→ EXERCISE
Please return the data word for word and leave out any picture it contains.

→ DATASET EXCERPT

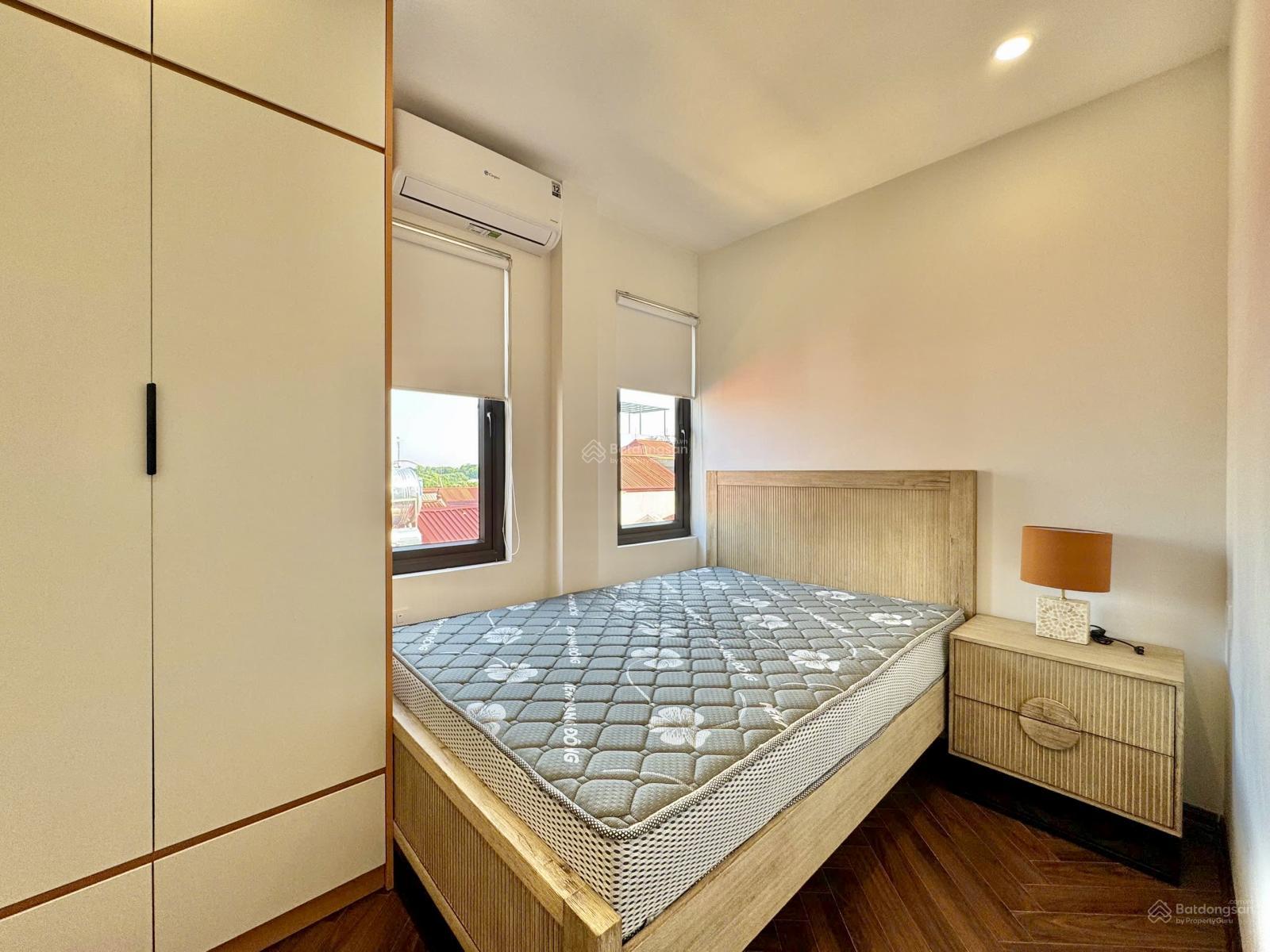 Cho thuê căn hộ mới 2PN tại Long Biên gần trường Pháp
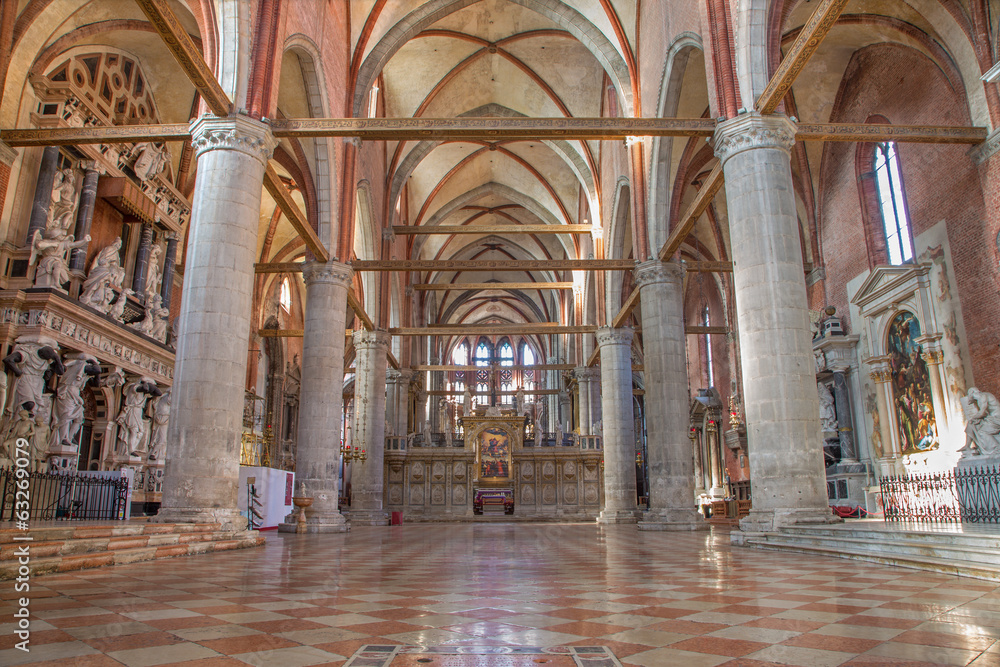 Fototapeta premium Venice - Nave of church Santa Maria Gloriosa dei Frari.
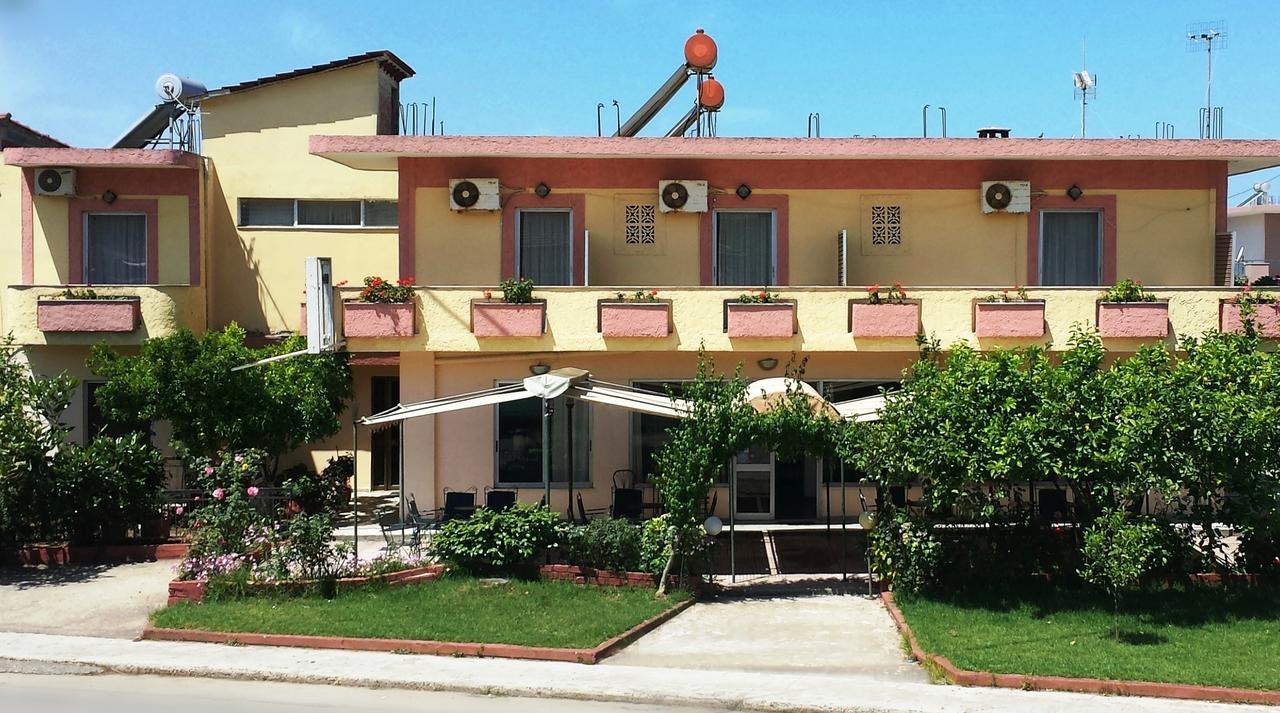 Intos Apartments Agios Nikolaos  Extérieur photo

→ PROBLEM SOLUTION
 Cho thuê căn hộ mới 2PN tại Long Biên gần trường Pháp
 Fototapeta premium Venice - Nave of church Santa Maria Gloriosa dei Frari.
 Intos Apartments Agios Nikolaos  Extérieur photo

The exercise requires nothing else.